Gopinath, who had spent hours deposing before the committee, told The Quint, “Apart from the details of the #MeToo complaint, I told the committee about women actors who find no place even to relieve themselves during work hours. I told them about women actors who do not get even a safe place to sleep. I told them about women actors who do not get paid after work.”
The committee was constituted in the aftermath of the abduction and rape of a woman actor in February 2017, in which Dileep – a Malayalam film star – is accused of having conspired and paid prime accused Sunil Kumar alias ‘Pulsar’ Suni to sexually assault the woman actor. The assault was filmed.
Even as the heinous crime became the focal point of public discourse on abuse and gender discrimination within the film industry, individual women working in the industry have had to speak up, also because the Hema Committee has been refusing to publish its findings.
In January 2022, the survivor of the 2017 case issued a statement on Instagram. She wrote, “This has not been an easy journey. The journey from being a victim to becoming a survivor. For 5 years now, my name and identity have been suppressed under the weight of the assault inflicted on me."
From the scores of actors and technicians who deposed before the committee, its three members had also collected proof to support the allegations. While a majority of the complaints were about gender discrimination and unbearable work atmosphere within the industry, there were also those who reported sexual harassment.
Should Women Actors Not Get a Toilet?
Many women professionals in the industry, including Gopinath, deposed before the committee between 2018 and 2019.

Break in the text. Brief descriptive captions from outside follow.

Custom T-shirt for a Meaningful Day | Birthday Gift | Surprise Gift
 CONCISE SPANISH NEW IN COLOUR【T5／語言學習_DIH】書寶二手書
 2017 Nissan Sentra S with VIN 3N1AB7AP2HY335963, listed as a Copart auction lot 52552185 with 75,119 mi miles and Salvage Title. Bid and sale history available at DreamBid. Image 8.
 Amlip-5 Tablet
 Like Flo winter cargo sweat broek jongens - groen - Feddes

Despite several appeals from the Women in Cinema Collective, even the state government has not showed any signs of implementing the recommendations.

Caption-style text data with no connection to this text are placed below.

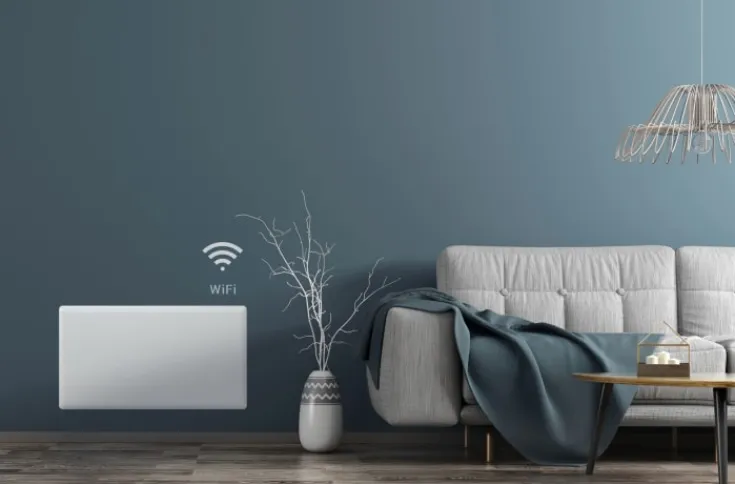 Outlet Dimplex Alta DTD4R elradiator, 230V, 500W, 5-8 m² Elradiatorer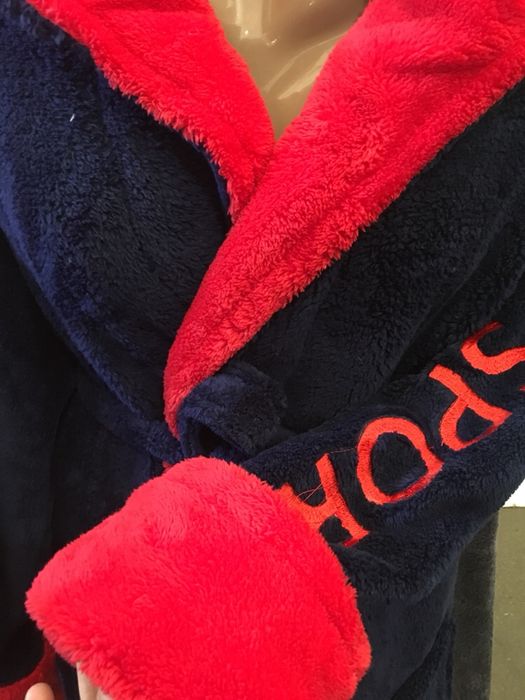 Мужские махровые халаты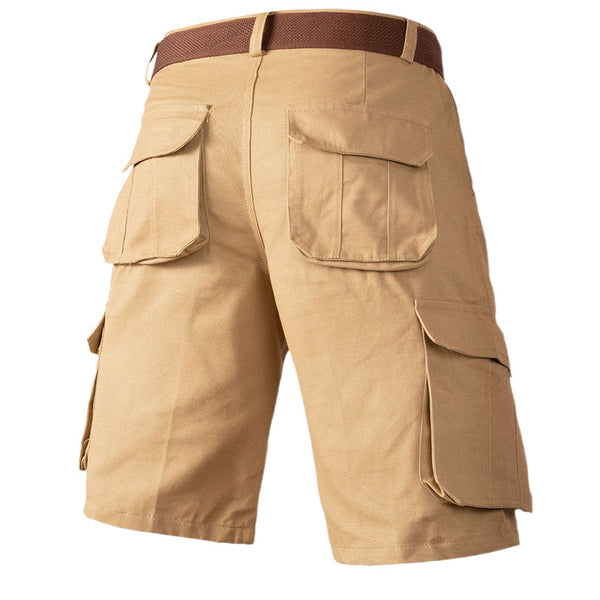 Loose fitting plus size men's casual vacation shorts(excluding belts)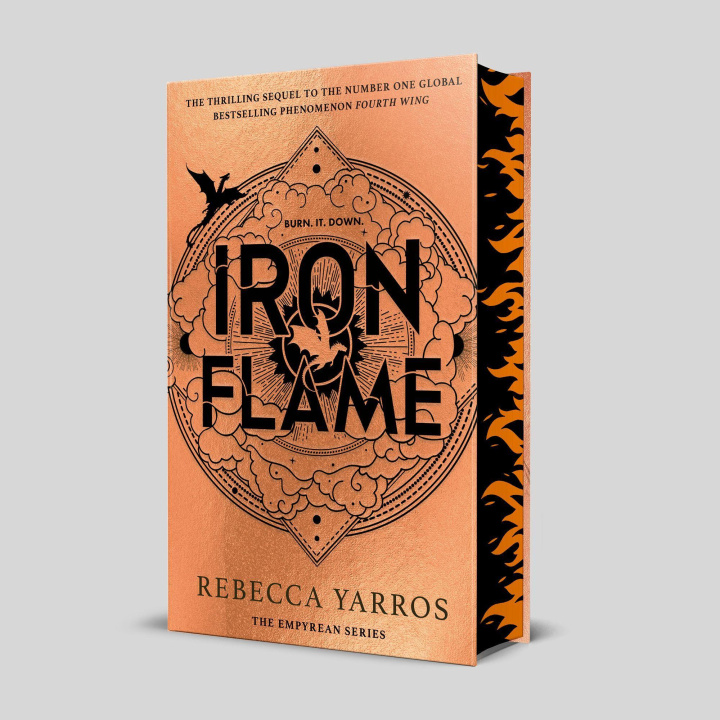 Iron Flame, Book hardback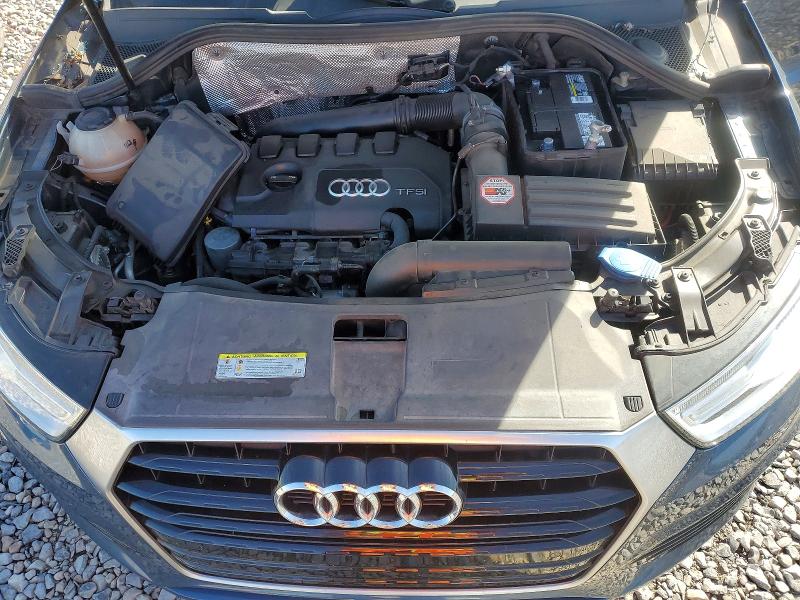 2018 Audi Q3 მანქანა იყიდება აუქციონზე, vin: WA1BCCFS9JR008390, აუქციონის ნომერი: 45809636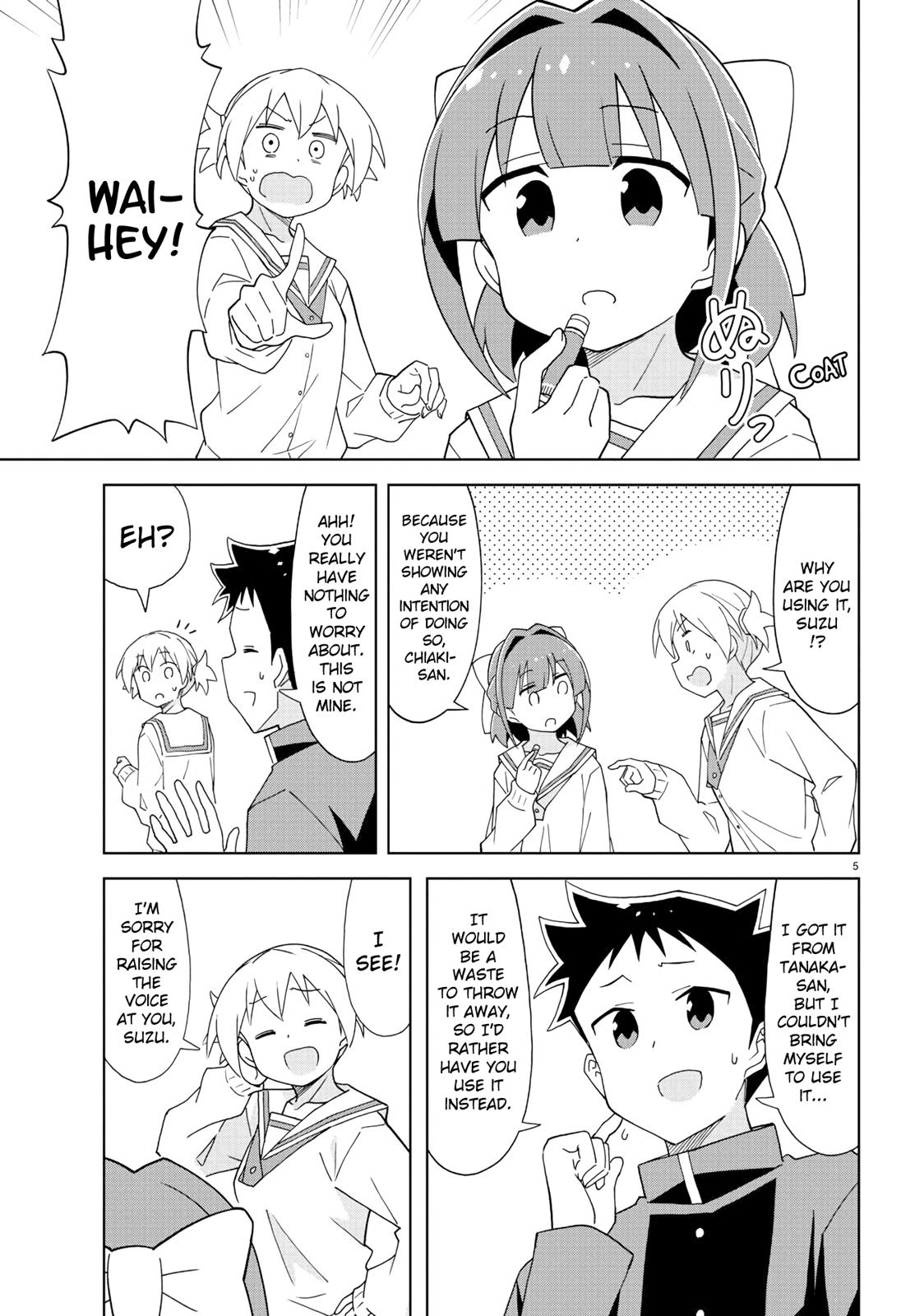 Atsumare! Fushigi Kenkyuubu Chap 165 - Next Chap 166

Justice Hema told the media in January this year that individuals who had deposed before the committee can make their experiences public if they want to.
Gopinath explained what women have been facing in the industry: “I remember an instance when a woman actor was stopped from using the caravan of a star. She wanted to use the toilet in the caravan. This, when supporting actors were forced to go to a distant place, a private house, to relieve themselves.” The actor did not want to reveal the location of the incident.
There should be at least 10 toilets available for women actors on each set, she added.
No Legal Aid, No Place To Sleep
The Women in Cinema Collective was constituted after some women stars in the industry broke away from the Association of Malayalam Movie Artists (AMMA), accusing the body of discrimination. Since 2019, the collective has been asking the state government to make the recommendations of the committee public.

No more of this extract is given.